Anchoring Bias

Headshot of Trent Klarenbach, founder of Klarenbach Research
Trent Klarenbach
December 3, 2023
A rusty anchor hanging over a piece of wood
April 11, 2024

Anchoring Bias in Grain Markets

“I am not selling Durum until the price returns to $22 per bushel.”

It was January. I was having a conversation with a Durum grower.

The ‘fundamentals’ remained bullish, with supply levels dropping and the new Durum harvest months away.

Every man, woman, child and dog was bullish on Durum wheat prices.

“The price will return to the highs.”

It was an expectation.

Meanwhile, the parabolic move from July had experienced a correction and showed signs of exhaustion, triggering my January Sell Signal.
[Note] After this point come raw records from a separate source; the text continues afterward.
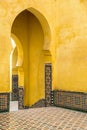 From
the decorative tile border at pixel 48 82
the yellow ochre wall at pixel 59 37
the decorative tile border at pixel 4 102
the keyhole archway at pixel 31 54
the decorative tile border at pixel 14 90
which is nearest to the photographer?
the decorative tile border at pixel 4 102

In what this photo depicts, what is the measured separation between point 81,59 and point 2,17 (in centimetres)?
181

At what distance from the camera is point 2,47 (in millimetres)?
4641

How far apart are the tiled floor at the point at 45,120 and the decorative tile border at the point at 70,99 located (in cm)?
15

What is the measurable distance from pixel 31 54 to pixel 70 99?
9.40 ft

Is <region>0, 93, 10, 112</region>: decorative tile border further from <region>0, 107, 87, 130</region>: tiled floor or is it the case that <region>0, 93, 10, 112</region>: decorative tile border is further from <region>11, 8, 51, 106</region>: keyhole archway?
<region>11, 8, 51, 106</region>: keyhole archway

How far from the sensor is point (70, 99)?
16.6 ft

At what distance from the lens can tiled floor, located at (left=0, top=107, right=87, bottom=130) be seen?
3.60 m

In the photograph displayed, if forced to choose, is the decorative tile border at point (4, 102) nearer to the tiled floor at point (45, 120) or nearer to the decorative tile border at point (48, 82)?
the tiled floor at point (45, 120)

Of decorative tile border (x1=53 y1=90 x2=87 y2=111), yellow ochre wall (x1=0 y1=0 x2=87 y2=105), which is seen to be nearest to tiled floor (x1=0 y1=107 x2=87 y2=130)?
decorative tile border (x1=53 y1=90 x2=87 y2=111)

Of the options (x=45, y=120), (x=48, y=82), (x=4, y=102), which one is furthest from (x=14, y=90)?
(x=45, y=120)

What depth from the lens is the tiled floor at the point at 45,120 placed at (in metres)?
3.60

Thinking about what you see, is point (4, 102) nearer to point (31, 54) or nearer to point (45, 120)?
point (45, 120)

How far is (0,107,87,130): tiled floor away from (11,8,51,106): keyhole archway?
2422mm

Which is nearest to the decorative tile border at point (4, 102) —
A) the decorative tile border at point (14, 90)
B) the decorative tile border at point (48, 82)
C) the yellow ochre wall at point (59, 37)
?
the yellow ochre wall at point (59, 37) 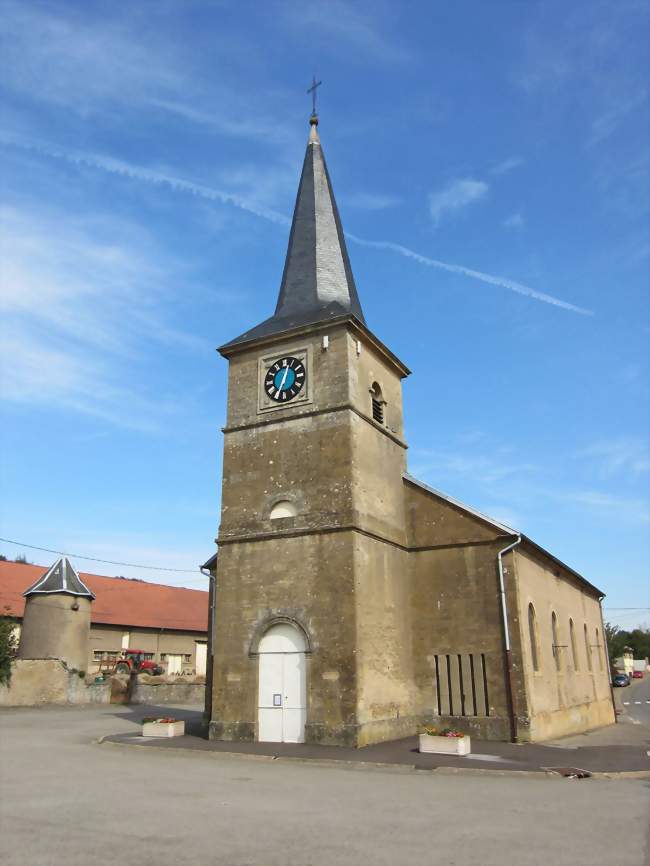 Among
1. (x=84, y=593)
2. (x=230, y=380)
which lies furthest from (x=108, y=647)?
(x=230, y=380)

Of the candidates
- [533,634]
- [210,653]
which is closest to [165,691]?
[210,653]

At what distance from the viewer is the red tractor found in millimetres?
42197

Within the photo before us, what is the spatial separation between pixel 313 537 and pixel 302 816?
962cm

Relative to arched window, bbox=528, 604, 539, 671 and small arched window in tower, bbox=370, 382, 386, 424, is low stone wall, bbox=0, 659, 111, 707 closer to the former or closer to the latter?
small arched window in tower, bbox=370, 382, 386, 424

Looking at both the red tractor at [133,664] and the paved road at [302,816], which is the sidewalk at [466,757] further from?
the red tractor at [133,664]

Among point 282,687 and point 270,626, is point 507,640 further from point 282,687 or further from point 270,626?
point 270,626

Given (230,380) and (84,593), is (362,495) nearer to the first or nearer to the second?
(230,380)

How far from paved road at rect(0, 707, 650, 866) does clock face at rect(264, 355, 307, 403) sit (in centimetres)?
1008

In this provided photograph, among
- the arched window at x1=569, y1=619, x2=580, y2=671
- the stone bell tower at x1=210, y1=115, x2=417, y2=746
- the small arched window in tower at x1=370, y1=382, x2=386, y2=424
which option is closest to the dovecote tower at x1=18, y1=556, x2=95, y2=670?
the stone bell tower at x1=210, y1=115, x2=417, y2=746

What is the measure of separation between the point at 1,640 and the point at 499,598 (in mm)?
24868

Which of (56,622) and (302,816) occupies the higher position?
(56,622)

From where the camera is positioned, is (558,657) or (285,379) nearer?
(285,379)

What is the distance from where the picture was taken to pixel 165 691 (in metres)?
38.2

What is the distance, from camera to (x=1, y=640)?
32.4 metres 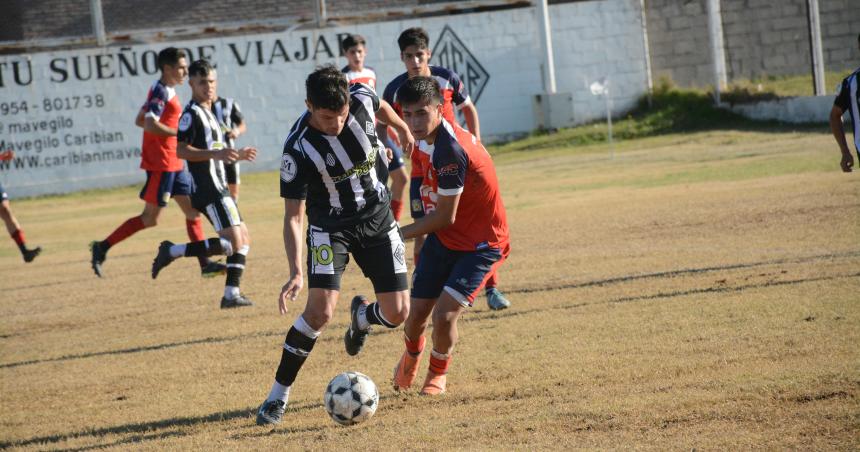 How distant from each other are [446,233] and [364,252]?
0.53 meters

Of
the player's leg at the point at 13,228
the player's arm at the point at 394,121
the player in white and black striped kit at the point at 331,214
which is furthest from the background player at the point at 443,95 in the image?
the player's leg at the point at 13,228

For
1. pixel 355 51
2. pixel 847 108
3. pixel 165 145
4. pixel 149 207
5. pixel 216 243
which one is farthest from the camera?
pixel 149 207

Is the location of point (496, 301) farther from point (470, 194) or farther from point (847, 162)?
point (847, 162)

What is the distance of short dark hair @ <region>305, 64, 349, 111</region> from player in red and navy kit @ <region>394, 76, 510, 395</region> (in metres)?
0.46

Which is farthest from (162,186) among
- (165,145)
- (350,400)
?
(350,400)

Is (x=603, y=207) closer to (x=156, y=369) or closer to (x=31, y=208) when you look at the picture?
(x=156, y=369)

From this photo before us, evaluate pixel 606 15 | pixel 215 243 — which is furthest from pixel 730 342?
pixel 606 15

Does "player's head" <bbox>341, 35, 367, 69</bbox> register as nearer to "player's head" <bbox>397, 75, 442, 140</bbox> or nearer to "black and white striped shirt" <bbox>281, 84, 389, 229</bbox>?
"black and white striped shirt" <bbox>281, 84, 389, 229</bbox>

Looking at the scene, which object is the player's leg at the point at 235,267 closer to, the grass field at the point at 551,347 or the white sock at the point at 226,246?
the white sock at the point at 226,246

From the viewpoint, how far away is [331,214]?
587 centimetres

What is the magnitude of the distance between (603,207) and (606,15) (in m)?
14.0

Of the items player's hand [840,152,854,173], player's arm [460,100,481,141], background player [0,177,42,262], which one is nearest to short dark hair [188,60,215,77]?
player's arm [460,100,481,141]

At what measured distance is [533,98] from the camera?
27.7 metres

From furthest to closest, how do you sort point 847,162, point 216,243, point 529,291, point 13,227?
point 13,227 → point 216,243 → point 529,291 → point 847,162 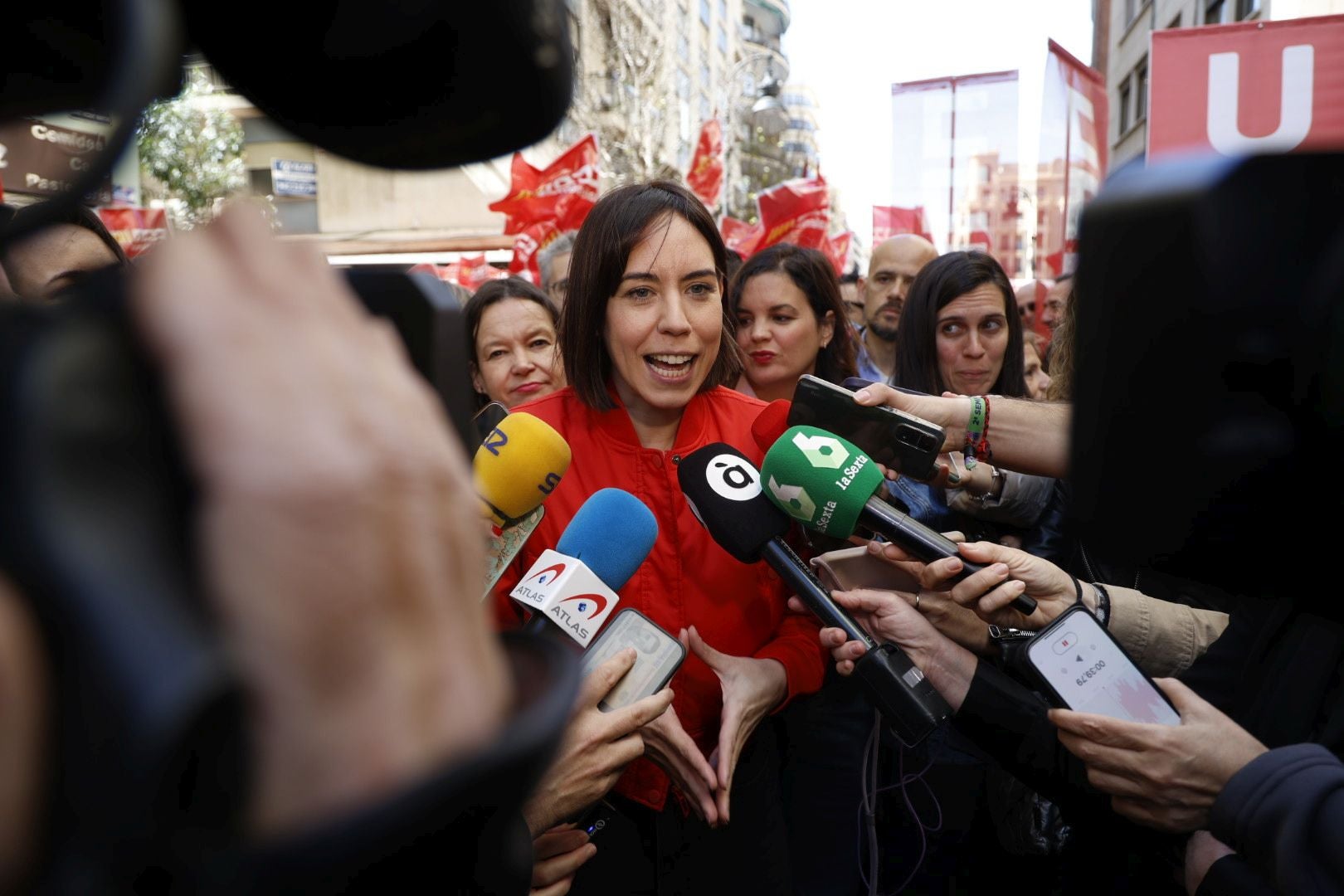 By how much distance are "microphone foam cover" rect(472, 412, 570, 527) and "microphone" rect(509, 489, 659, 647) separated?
10cm

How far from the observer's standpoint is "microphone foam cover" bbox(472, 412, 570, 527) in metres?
1.58

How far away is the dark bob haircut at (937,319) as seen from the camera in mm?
3264

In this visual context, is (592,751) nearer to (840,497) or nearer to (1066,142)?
(840,497)

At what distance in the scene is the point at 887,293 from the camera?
456 cm

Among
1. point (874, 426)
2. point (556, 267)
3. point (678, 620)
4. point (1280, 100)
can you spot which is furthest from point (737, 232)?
point (678, 620)

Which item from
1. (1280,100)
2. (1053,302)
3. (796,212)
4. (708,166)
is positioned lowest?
(1053,302)

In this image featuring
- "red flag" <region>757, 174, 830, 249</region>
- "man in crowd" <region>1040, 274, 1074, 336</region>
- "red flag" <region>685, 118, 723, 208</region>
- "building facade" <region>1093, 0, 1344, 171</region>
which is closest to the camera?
"man in crowd" <region>1040, 274, 1074, 336</region>

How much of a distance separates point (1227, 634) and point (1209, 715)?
285mm

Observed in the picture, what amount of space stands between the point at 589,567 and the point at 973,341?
2.10 m

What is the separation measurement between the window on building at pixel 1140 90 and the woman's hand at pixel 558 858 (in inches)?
857

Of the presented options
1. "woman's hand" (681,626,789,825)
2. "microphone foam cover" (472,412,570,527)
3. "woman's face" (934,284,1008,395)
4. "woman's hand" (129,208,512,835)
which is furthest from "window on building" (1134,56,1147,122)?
"woman's hand" (129,208,512,835)

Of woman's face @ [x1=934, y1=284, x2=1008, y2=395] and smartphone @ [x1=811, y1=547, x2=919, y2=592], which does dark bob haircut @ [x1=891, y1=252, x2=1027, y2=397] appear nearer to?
woman's face @ [x1=934, y1=284, x2=1008, y2=395]

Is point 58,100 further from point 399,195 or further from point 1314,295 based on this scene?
point 1314,295

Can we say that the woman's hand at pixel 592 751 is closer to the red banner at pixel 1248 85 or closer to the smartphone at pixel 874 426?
the smartphone at pixel 874 426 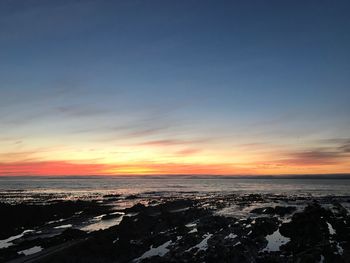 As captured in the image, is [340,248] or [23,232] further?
[23,232]

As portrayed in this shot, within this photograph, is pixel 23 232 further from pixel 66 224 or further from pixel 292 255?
pixel 292 255

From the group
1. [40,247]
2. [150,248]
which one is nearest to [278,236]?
[150,248]

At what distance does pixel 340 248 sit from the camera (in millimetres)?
22453

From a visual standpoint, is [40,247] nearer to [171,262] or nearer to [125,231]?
[125,231]

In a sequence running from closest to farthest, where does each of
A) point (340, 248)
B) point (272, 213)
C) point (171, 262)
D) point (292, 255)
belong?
point (171, 262), point (292, 255), point (340, 248), point (272, 213)

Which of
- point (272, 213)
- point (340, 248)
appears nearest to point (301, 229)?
point (340, 248)

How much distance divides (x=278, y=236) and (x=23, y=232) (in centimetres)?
1908

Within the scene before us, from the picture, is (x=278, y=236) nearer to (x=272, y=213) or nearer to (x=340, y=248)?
(x=340, y=248)

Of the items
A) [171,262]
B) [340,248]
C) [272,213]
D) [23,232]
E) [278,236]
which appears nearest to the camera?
[171,262]

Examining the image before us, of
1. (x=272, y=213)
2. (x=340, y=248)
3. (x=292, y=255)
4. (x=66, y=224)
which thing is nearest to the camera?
(x=292, y=255)

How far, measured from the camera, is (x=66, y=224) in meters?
34.6

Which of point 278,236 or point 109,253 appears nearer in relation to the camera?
point 109,253

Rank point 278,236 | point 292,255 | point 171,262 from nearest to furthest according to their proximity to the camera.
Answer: point 171,262 → point 292,255 → point 278,236

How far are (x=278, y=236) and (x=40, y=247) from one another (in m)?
16.0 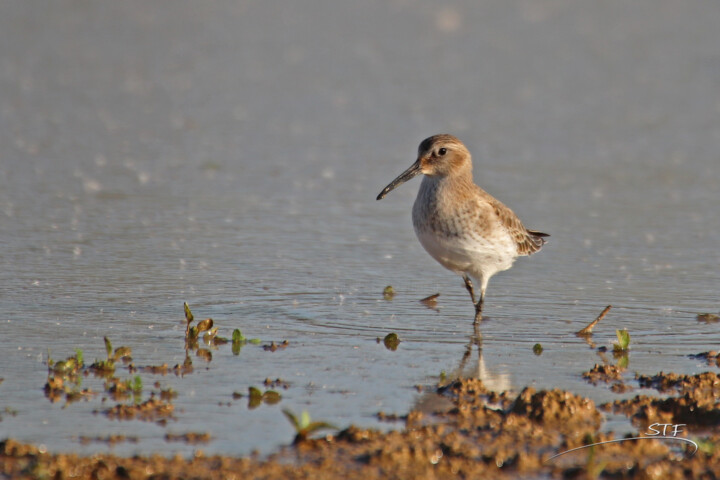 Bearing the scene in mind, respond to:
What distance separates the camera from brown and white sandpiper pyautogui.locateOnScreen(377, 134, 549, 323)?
8.36 metres

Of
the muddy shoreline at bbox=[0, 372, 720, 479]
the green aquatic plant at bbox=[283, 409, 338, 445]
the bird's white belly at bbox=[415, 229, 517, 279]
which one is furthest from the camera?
the bird's white belly at bbox=[415, 229, 517, 279]

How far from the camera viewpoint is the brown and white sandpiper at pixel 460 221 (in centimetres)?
836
The price of Durum wheat was below the market high; however, the grower had anchored his price expectations to that level.

The Investopedia website provides the following anchoring definition:

“Anchoring is a cognitive bias in which the use of an arbitrary benchmark such as a purchase price or sticker price carries a disproportionately high weight in one's decision-making process; as described by Investopedia.”

The Durum grower’s anchoring bias results in holding the commodity that has lost value as they have anchored their price target to the recent high price rather than following the technicals.

As the price continues lower, the grower is likely to experience many emotions, including complacency, anxiety, denial, panic, anger and eventually depression.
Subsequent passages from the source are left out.